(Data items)
# # # # # # #

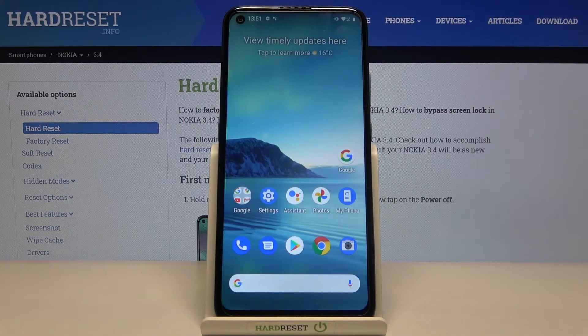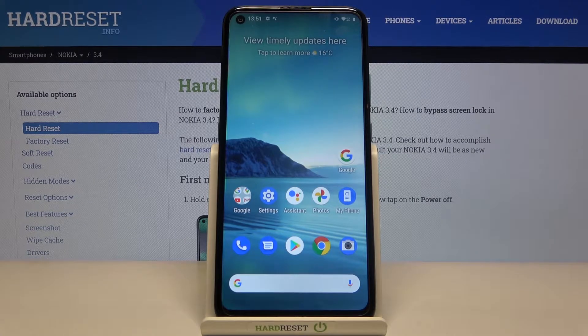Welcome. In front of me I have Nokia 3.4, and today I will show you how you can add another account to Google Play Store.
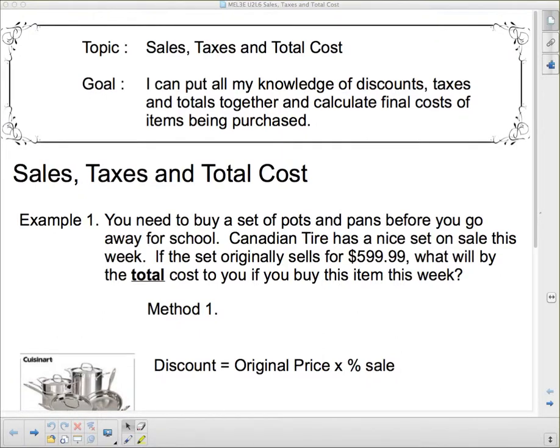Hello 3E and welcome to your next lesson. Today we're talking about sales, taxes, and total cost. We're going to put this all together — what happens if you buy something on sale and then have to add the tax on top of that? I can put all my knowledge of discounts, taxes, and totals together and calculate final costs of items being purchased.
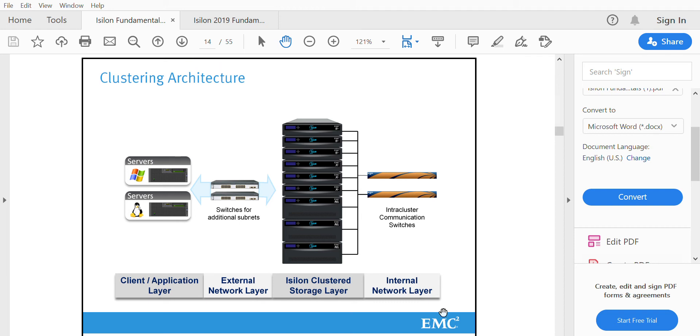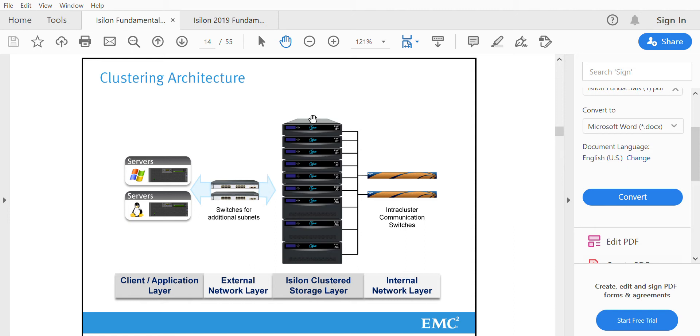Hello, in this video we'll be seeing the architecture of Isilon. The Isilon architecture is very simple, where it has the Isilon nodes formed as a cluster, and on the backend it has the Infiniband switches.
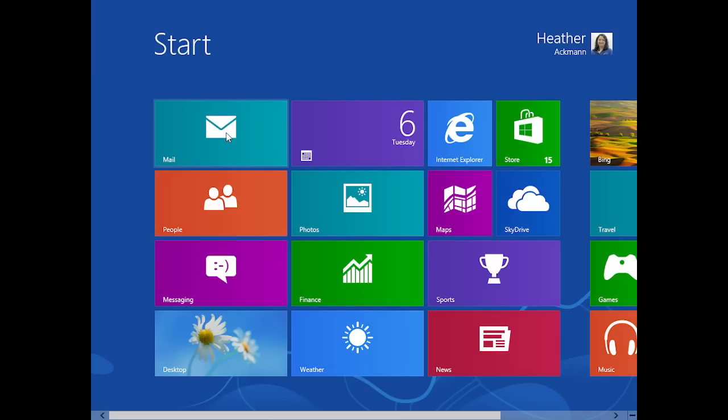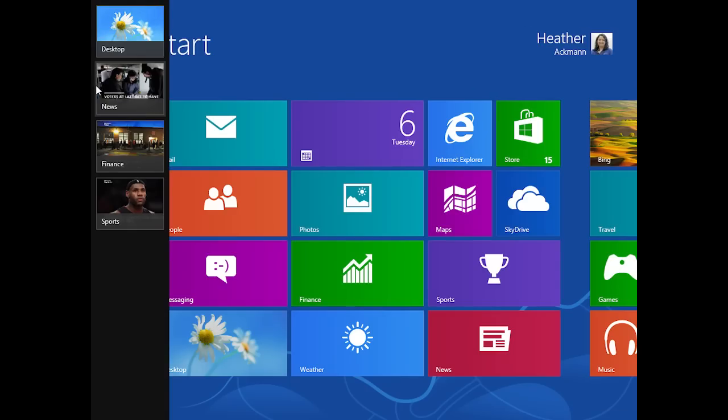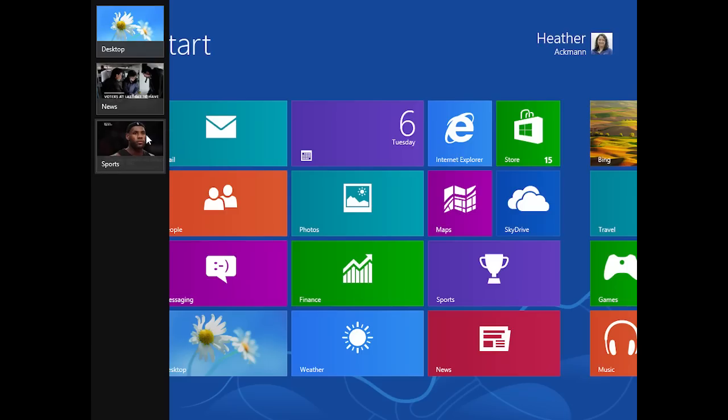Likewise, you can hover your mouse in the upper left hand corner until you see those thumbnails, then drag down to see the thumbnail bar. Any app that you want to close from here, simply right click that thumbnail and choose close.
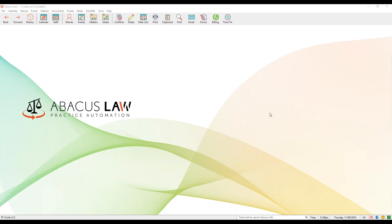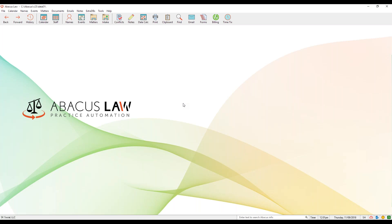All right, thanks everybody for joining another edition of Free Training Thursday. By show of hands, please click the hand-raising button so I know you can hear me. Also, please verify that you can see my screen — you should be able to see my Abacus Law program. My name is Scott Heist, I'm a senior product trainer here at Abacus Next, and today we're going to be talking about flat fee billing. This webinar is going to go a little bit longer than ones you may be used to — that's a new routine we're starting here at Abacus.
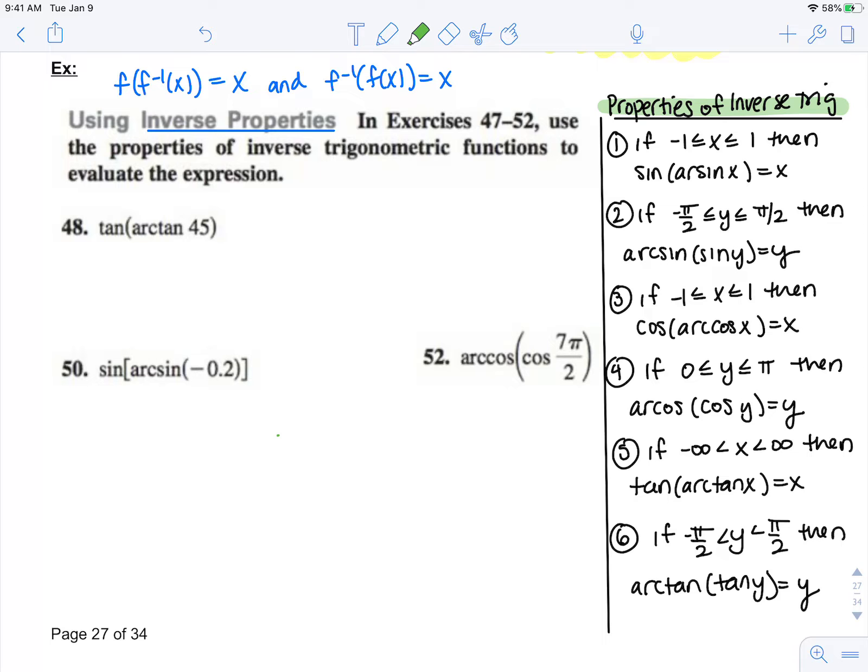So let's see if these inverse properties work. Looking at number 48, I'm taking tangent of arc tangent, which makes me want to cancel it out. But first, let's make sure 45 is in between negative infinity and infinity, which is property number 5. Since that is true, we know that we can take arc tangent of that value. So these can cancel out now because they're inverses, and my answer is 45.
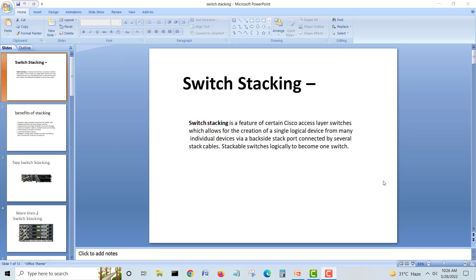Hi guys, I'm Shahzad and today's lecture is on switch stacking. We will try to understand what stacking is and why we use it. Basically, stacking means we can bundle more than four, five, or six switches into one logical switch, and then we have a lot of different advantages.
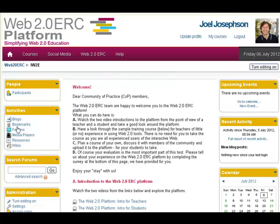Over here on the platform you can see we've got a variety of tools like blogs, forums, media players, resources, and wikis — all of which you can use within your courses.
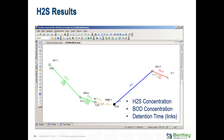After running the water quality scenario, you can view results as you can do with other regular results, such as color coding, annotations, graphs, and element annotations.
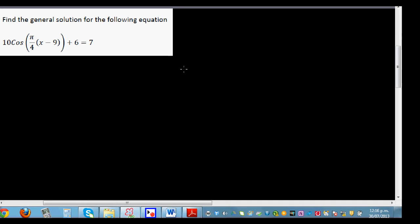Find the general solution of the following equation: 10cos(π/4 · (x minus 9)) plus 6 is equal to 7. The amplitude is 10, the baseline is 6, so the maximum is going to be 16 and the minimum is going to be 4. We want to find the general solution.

# # # # # # #

_Work instructions_.
In the reply, each line of the data must appear exactly as written, and no picture may appear.

_Task response_.
Welcome. In front of me I have Nokia 3.4, and today I will show you how you can add another account to Google Play Store.
Hello 3E and welcome to your next lesson. Today we're talking about sales, taxes, and total cost. We're going to put this all together — what happens if you buy something on sale and then have to add the tax on top of that? I can put all my knowledge of discounts, taxes, and totals together and calculate final costs of items being purchased.
Hello, in this video we'll be seeing the architecture of Isilon. The Isilon architecture is very simple, where it has the Isilon nodes formed as a cluster, and on the backend it has the Infiniband switches.
Likewise, you can hover your mouse in the upper left hand corner until you see those thumbnails, then drag down to see the thumbnail bar. Any app that you want to close from here, simply right click that thumbnail and choose close.
All right, thanks everybody for joining another edition of Free Training Thursday. By show of hands, please click the hand-raising button so I know you can hear me. Also, please verify that you can see my screen — you should be able to see my Abacus Law program. My name is Scott Heist, I'm a senior product trainer here at Abacus Next, and today we're going to be talking about flat fee billing. This webinar is going to go a little bit longer than ones you may be used to — that's a new routine we're starting here at Abacus.
So let's see if these inverse properties work. Looking at number 48, I'm taking tangent of arc tangent, which makes me want to cancel it out. But first, let's make sure 45 is in between negative infinity and infinity, which is property number 5. Since that is true, we know that we can take arc tangent of that value. So these can cancel out now because they're inverses, and my answer is 45.
Hi guys, I'm Shahzad and today's lecture is on switch stacking. We will try to understand what stacking is and why we use it. Basically, stacking means we can bundle more than four, five, or six switches into one logical switch, and then we have a lot of different advantages.
Over here on the platform you can see we've got a variety of tools like blogs, forums, media players, resources, and wikis — all of which you can use within your courses.
After running the water quality scenario, you can view results as you can do with other regular results, such as color coding, annotations, graphs, and element annotations.
Find the general solution of the following equation: 10cos(π/4 · (x minus 9)) plus 6 is equal to 7. The amplitude is 10, the baseline is 6, so the maximum is going to be 16 and the minimum is going to be 4. We want to find the general solution.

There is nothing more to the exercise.